## Brief
Pictures aside, reproduce exactly each line from the one holding "Luxury Quadruple Room" through the last line of the material, both ends included.

## Data section
........

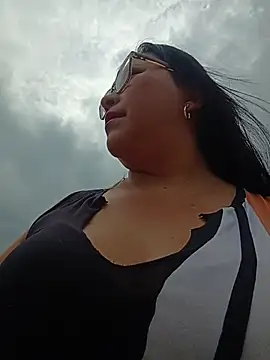 Snapshot of promiscuous-indecent-momm chatting on 01.06.26 promiscuous-indecent-momm online show from 01.06.26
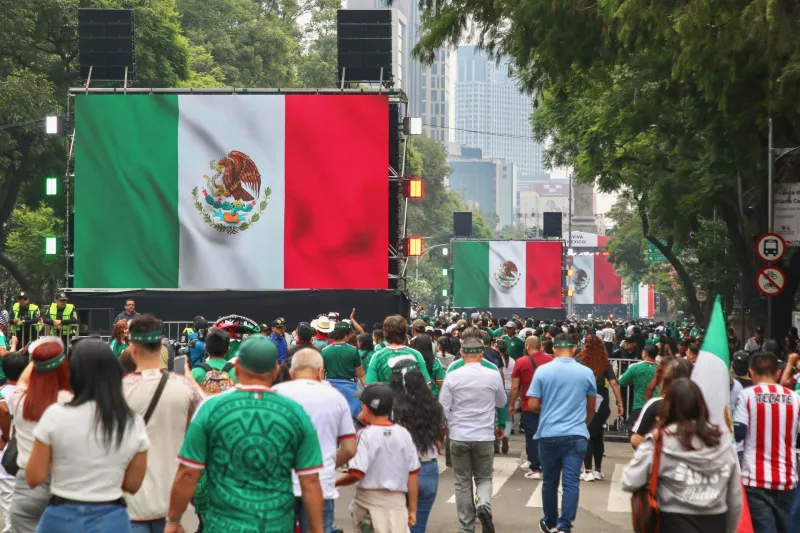 mexicanos reforma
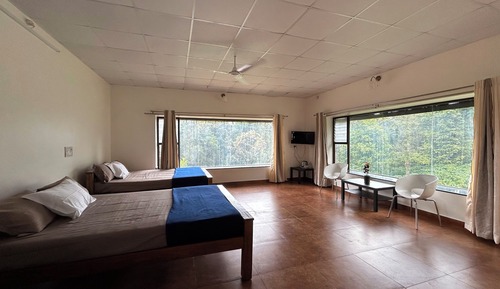 Luxury Quadruple Room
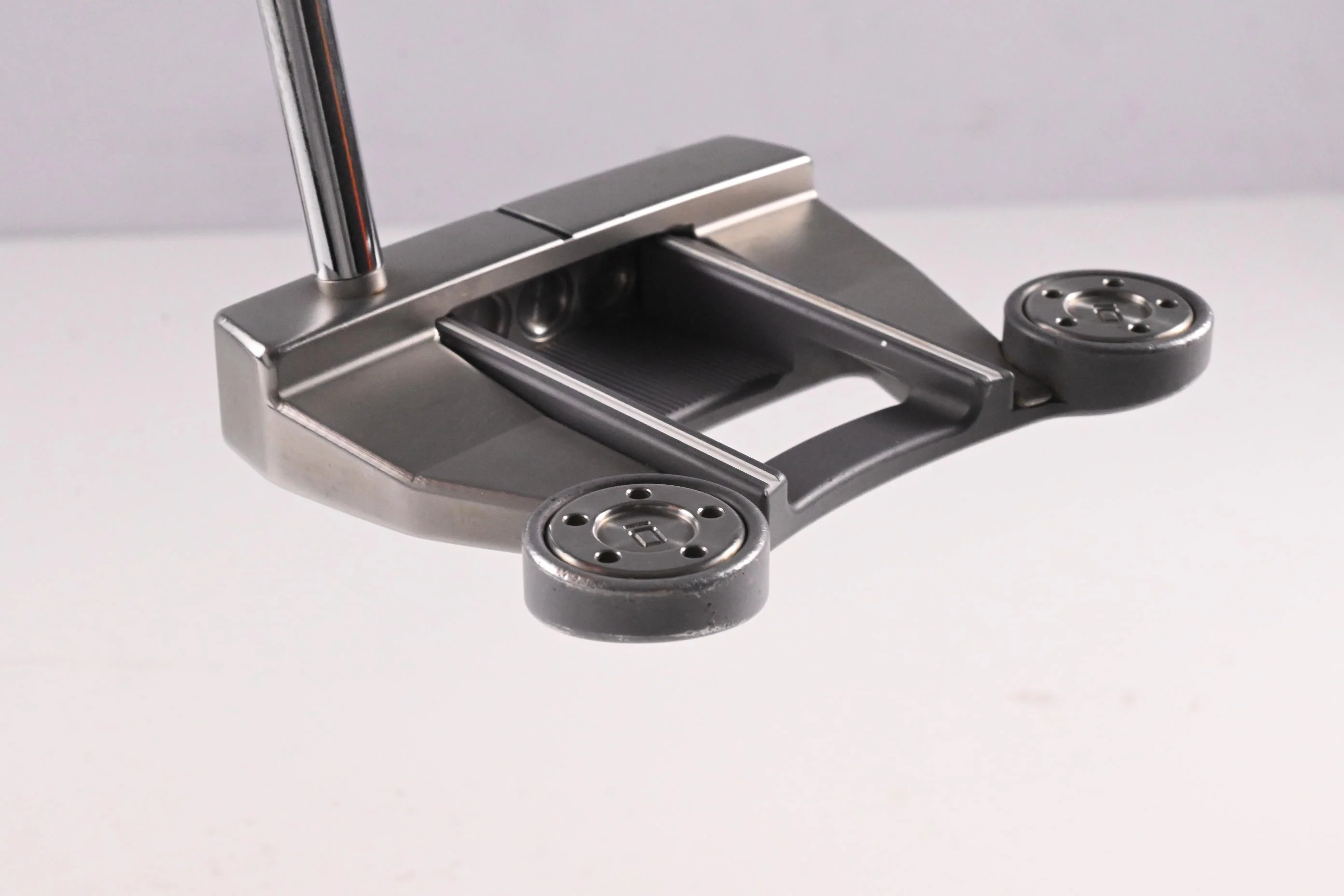 Scotty Cameron Cameron & Crown Futura 6M Putter / 33 Inch - Image 4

........

## Answer section
 Luxury Quadruple Room
 Scotty Cameron Cameron & Crown Futura 6M Putter / 33 Inch - Image 4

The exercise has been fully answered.